Amy appears to have grown up in an influential upper east side jewish family. Her Aunt, Elaine Turner Cooper, was a huge patron of the Whitney Museum and her 1st cousin Steven Mnuchin is now the ex-Goldman guy who runs the carcass of failed IndyMac. (It might make sense that Mnuchin helped Jeffrey get the Goldman job when JP Morgan threw him out after the Bear take over.) During her husband’s boom earning years, 2006, online real estate records show the family moved out of a upper east side duplex they bought for $10 million on Park Ave and upgraded to a full floor Central Park apartment on 5th Avenue that has only 15 apartments in the building selling for at least $16 million (They live on the third floor of 944 5th Ave, New York, NY). Property records show they also spent $16.5 million for a new custom-built 5-bedroom Aspen home at 61 Stillwater Lane in the fall of 2006. This is the same time period billions of Bear mortgage securities were created by Jeff – securities that the Netherland’s largest state pension fund just sued Mr. Verschleiser individually for his role in fraudulent inducement and multiple violations of securities laws. The suit was filed on December 7th in New York State court.

Taibbi added an update to his story with a rant on why Verschleiser hasn’t been indicted yet for allegedly stealing billions from his own clients. But the colorful Rolling Stone writer must have failed to read my story this summer about NY Assemblyman Morelle pushing his friend the NY Attorney General to start a criminal investigation into the Bear mortgage team. The AG has asked civil attorneys suing Bear/JPM to share evidence with him and I’ve spoken with people his team has interviewed- they all say he’s serious about using the Martin Act against these bad boys. Given those facts, I’m not agreeing with Taibbi’s view these guys will never get charged although it will take some political balls to get it done.

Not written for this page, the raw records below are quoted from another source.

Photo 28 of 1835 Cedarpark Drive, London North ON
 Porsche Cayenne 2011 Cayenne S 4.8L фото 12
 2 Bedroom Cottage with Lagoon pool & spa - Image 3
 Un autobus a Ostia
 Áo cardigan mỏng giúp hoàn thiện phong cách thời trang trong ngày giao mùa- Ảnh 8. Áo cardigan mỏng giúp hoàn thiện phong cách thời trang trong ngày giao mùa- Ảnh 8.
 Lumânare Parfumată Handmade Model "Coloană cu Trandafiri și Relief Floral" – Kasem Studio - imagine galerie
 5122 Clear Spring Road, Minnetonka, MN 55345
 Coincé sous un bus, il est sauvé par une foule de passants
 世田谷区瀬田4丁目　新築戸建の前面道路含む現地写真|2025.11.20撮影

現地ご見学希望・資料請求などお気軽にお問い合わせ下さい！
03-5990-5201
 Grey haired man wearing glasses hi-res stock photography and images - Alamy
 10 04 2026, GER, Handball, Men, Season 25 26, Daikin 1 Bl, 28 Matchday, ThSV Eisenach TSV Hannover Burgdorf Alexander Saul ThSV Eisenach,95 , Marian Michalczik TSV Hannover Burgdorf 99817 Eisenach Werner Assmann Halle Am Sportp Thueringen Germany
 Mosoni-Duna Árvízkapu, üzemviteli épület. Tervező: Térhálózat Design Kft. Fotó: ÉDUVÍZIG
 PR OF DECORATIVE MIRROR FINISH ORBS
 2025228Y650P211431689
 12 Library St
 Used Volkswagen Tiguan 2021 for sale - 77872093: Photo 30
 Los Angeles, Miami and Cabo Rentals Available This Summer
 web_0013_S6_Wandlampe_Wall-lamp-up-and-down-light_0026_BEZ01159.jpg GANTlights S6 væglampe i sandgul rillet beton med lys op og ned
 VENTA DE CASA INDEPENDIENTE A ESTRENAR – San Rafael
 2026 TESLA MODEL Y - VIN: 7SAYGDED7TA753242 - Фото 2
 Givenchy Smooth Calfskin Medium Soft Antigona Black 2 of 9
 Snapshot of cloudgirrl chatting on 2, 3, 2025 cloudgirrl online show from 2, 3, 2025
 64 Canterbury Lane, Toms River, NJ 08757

So with the NY Attorney General having a keen eye on charging Jeffrey and his fellow mortgage traders for criminal acts, a federal housing regulator gunning for him individually in their mega-billion fraud suit, and locals in Aspen pissed off by his personal exclusivity needs; do you think the Hotel Jerome manager is looking a little foolish for telling the Aspen Times a ‘nice family’ had taken over the hotel?

UPDATE 1.16.12: It appears the Verschleiser had a like-minded friend write in to the Aspen Daily News about their weekend news story ‘Renter of Jerome Under Scrutiny for Wall Street Deals’ calling the coverage mean and nasty. His logic was Jeff’s civil fraud suits are old news and he couldn’t understand why the local paper would print news about the background of a part-time resident that had just made national news. Really? First off Jeff’s civil fraud cases are ongoing news and the subject of upcoming trials and just a few weeks ago he was sued again, as a named defendant, for fraud and securities violations. Second, it’s the local papers job to tell the reader who this colorful character is considering his actions, taking over public places for the private use of friends, effected their weekend. Third, it’s actually not the papers job to promote tourism for Aspen nor should they worry about how the reporting of factual events effects dollars spent on Aspen. When that happens then they should just shut the paper down.